De nombreux anciens élèves de Brel ayant bénéficié de cette voie d'entrée étaient au rendez-vous anniversaire de leur ancien lycée samedi dernier pour témoigner de leur réussite. J'ai pris un grand plaisir à partager ce moment avec eux : chaque année, j'essaie de participer au jury de pré-sélection. Je connais bien, pour l'avoir eue moi-même comme prof, Sylvie Beaud; mais surtout, quel bonheur d'entendre ces élèves! Leur parcours - carrières juridiques, internationales, concours de la fonction publique, secteur de la finance, ressources humaines, grands groupes... - sont aussi divers que leurs histoires de vie. Pluriels, comme on aimerait que le soit davantage le monde des élites dirigeantes dans notre pays. Ce qu'ils sont devenus, ou les réussites qu'ils sont en train de bâtir, ne laissent aucune place au doute: ce dispositif est un succès ! Les anciens étudiants qui en sont issus réussissent tout aussi bien et au cours de leur scolarité et en termes de débouchés, leur recrutement s'effectuant dans les secteurs habituels de Sciences Po.

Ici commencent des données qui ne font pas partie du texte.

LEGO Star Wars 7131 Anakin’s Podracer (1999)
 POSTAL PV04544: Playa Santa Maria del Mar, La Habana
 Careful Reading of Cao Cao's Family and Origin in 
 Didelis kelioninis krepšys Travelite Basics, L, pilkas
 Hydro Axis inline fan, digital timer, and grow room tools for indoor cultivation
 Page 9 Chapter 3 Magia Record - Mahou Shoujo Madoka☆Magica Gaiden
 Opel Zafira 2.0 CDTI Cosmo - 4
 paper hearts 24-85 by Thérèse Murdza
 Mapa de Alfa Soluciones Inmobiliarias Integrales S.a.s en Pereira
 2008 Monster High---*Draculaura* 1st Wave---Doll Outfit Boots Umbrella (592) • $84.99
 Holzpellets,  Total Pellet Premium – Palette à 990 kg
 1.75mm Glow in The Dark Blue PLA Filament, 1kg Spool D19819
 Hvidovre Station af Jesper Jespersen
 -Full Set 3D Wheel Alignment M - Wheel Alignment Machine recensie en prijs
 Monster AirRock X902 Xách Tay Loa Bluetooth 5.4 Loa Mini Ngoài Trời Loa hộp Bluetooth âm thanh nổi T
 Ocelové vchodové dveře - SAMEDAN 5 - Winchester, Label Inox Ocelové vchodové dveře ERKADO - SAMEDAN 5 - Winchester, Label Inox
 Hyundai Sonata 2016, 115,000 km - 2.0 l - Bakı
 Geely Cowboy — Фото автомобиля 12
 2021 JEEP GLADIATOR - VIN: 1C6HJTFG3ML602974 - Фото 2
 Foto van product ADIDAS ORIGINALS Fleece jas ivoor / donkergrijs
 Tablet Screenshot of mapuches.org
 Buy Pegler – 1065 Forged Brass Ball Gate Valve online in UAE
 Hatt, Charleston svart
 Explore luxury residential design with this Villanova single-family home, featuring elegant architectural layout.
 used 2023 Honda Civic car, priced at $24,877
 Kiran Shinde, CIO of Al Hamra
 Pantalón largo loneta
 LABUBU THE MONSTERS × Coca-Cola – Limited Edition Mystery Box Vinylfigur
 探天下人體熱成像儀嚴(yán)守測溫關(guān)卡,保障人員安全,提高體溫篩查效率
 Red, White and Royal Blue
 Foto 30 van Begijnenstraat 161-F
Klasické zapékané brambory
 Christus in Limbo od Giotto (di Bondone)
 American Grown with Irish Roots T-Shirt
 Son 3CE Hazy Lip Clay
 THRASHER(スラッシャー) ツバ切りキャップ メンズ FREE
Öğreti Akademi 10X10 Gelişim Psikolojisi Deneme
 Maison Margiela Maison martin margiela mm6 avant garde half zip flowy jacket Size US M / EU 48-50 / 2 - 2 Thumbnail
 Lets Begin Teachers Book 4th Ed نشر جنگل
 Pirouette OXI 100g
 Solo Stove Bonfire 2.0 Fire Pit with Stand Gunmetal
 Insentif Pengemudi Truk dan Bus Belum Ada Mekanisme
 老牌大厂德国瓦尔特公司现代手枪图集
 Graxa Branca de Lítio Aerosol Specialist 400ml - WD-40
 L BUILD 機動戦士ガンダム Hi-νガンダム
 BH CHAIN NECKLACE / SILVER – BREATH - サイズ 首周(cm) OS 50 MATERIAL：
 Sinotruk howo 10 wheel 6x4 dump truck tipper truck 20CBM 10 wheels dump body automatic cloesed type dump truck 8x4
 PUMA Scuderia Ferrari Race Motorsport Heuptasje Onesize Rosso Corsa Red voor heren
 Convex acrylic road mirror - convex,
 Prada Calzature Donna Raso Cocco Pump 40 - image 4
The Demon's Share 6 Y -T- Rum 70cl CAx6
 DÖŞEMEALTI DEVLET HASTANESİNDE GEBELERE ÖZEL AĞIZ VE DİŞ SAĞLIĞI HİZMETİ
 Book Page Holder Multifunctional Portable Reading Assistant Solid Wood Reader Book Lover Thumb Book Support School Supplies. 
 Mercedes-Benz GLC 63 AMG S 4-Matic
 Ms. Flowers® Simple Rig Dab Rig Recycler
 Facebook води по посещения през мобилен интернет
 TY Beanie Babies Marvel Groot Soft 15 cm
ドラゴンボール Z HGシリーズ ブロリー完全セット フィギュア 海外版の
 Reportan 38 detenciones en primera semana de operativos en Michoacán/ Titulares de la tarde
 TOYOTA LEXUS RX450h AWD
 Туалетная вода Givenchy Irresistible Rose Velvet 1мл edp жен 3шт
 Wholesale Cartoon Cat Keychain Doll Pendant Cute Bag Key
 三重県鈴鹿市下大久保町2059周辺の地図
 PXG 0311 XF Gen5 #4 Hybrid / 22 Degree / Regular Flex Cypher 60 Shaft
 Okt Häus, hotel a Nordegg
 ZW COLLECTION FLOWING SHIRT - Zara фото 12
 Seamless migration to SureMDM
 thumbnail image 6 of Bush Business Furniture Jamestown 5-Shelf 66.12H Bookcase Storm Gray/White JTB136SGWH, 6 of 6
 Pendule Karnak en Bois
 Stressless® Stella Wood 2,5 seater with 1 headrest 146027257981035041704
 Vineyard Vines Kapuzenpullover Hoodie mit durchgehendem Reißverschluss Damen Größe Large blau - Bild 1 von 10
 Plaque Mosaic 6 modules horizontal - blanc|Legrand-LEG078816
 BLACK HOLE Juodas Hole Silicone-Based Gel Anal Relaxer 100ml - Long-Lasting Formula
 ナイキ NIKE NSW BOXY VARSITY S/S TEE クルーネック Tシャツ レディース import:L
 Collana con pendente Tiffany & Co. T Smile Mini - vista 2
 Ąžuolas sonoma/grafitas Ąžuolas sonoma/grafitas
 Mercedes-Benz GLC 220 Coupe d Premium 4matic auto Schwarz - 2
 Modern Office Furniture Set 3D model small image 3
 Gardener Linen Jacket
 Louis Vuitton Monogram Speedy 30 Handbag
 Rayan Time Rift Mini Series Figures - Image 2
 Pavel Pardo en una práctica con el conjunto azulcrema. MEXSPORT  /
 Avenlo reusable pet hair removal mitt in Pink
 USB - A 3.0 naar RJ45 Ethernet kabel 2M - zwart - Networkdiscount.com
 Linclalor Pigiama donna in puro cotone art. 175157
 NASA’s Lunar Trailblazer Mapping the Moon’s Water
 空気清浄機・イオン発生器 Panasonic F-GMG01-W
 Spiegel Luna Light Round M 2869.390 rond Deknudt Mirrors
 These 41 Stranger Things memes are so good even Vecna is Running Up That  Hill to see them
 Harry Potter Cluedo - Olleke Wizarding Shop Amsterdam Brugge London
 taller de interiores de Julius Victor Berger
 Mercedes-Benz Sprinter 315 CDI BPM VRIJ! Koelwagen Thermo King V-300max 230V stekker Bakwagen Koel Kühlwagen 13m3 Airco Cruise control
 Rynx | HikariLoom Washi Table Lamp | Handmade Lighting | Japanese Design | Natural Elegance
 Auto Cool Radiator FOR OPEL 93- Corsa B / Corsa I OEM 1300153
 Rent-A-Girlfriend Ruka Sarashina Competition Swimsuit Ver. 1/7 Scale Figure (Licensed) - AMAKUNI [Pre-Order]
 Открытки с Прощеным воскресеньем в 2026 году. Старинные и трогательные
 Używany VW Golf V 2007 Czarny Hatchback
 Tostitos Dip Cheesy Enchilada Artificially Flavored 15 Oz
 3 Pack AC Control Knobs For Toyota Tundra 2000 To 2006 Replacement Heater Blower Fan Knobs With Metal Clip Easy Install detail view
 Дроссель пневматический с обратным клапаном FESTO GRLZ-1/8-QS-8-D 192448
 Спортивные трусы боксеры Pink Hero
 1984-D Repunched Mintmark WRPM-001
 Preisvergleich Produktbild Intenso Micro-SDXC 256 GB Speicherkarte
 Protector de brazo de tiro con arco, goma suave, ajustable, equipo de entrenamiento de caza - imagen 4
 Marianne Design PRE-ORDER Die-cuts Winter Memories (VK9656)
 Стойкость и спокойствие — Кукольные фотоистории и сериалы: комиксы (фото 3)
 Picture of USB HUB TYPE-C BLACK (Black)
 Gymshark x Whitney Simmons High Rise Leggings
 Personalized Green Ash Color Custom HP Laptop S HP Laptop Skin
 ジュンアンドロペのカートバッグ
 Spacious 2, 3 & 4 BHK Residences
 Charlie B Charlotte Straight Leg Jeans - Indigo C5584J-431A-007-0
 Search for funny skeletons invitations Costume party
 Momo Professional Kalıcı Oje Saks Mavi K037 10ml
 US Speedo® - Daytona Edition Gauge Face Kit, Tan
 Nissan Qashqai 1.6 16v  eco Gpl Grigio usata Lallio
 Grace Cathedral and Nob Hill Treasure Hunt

Je crois que cette convention constitue un atout formidable pour notre ville, dont elle contribue à porter les couleurs de manière positive à l'extérieur du Département, pour les équipes éducatives qui retrouvent la possibilité d'ouvrir un large éventail de portes sur l'avenir, et bien évidemment pour tous les jeunes, qui constatent que l'orientation d'excellence n'est exclue pour aucun élève brillant et que "le plafond de verre" n'est pas une fatalité.

Grâce à l'investissement des professeurs, qui croient en ce projet et en les capacités de leurs élèves, et dont l'engagement va bien au-delà de la simple transmission magistrale de savoirs pour accompagner ces derniers dans le dépassement des mécanismes d'autocensure, cette convention, ainsi que toutes celles qui ont été signées en Seine-Saint-Denis (Auguste Blanqui à Saint-Ouen, Jean Zay à Aulnay-sous-Bois, Louise Michel à Bobigny, Eugène Delacroix à Drancy…) et ailleurs, ont permis de briser un certain tabou français. Elles ont invité la mixité sociale et culturelle là où elle semblait la moins évidente, et elles ont permis à ces jeunes de faire valoir leurs compétences au plus haut niveau.